The church was consecrated roughly five years after its construction work started. Its foundation stone was laid down on 25 November 1888. The building came into existence fairly quickly and was financed by the Vinohrady town itself.
Its importance increased after the visit of the emperor Franz Joseph I and the Viennese administration office decided to contribute to its construction as well. The Association for Church of St. Ludmila at Královské Vinohrady also provided a great support throughout.
The paintings and ornaments on the walls are by Johann Jobst. The interior and exterior artwork was made by famous artists of the times such as sculptors Josef Václav Myslbek, František Hergessel, and Antonín Procházka, or painters František Ženíšek and Adolf Liebscher.
The 130th anniversary is associated with a series of celebratory events jointly organized by the Prague 2 Municipal District, the Roman Catholic parish of St. Ludmila’s Church, and the Friends of St. Ludmila’s Basilica in Prague.
On Sunday, October 1st, at 11 am, following the Mass, the red wine “André 2022-130 St. Ludmila,” an extraordinary wine crafted especially for the 130th anniversary of the basilica’s consecration, will be blessed.
On Wednesday, October 4th, at 1 pm, students from the secondary schools of Prague 2, children from the children’s home in Krompach, and primary school pupils from Vitkov will present a musical and dramatic group titled “I Sought the Radiance of This Morning” in the basilica.
On Saturday, October 7th, at 7 pm, there will be a festive concert titled “130 Years with You.” Renowned opera singers Pavlina Senić, Tereza Mátlová, and guest Michael Bragagnolo will perform famous songs accompanied by the Vratislavka choir, under the direction of choirmaster Eva Kleinová.
On Sunday, October 8th, at 11 am, a Holy Mass will be held with the participation of the Archbishop of Prague and Primate of the Czech Republic, Mons. Jan Graubner, and distinguished guests.
On Monday, October 9th, from 10 am to 3 pm and 6 pm to 9 pm, there will be an exhibition of artifacts and religious relics titled “From the Treasures of St. Ludmila.”
The celebration will also feature a panel exhibition titled “The Soul of the Vineyard,” dedicated to the history and present of the Basilica. This exhibition will consist of eight panels displayed in front of the church. Those interested in the exhibition will have a full month to view it, as it will run from Friday, October 6th, to Monday, November 6th.
Ludmila was born around the year 860. Where? There is speculation about this, but it is probable that it was in Central Bohemia, in today’s Mělník, as the daughter of the local prince.
She was raised as a pagan who offered sacrifices to the Slavic gods. At about the age of 15, she married Bořivoj, the first historically documented Přemyslid prince and ruler of today’s Central and Southern Bohemia. She was married for about 14 years and during that time, became the mother of 3 sons and 3 daughters. Together with her husband, in 882 she accepted Christianity from the Moravian Archbishop, Methodius.

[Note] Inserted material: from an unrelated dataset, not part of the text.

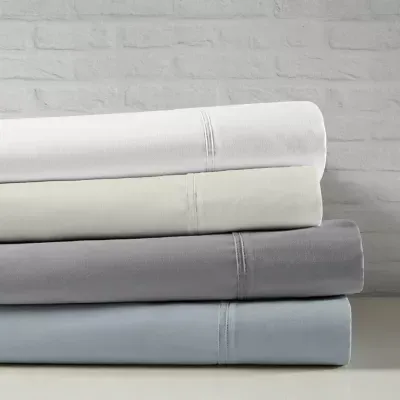 Color Sense 600TC Wrinkle-Resistant Cotton-Rich Sheet Set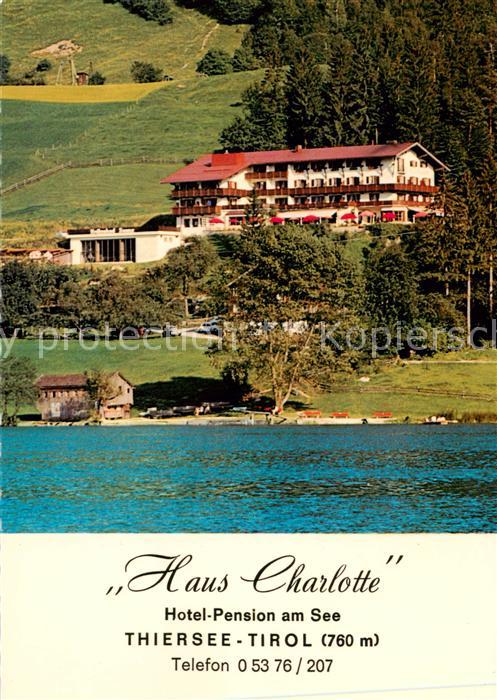 Thiersee Haus Charlotte Hotel Pension am See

When she was about 30 years old, she was widowed. But she did not withdraw herself, as was customary. She took a very active part in politics. Many people did not like this and tried to deprive the widowed princess of power and influence over the ruling princely family.
Eventually, Ludmila took refuge in her fortified settlement of Tetín in Central Bohemia, where she was murdered on 15 September 921, strangled by her own scarf, according to legend.
Her death was apparently ordered by her own daughter-in-law, Princess Drahomíra, to consolidate her power. Ludmila has been considered a saint by the people since 925, but her official canonisation from the pope was not declared until 1143.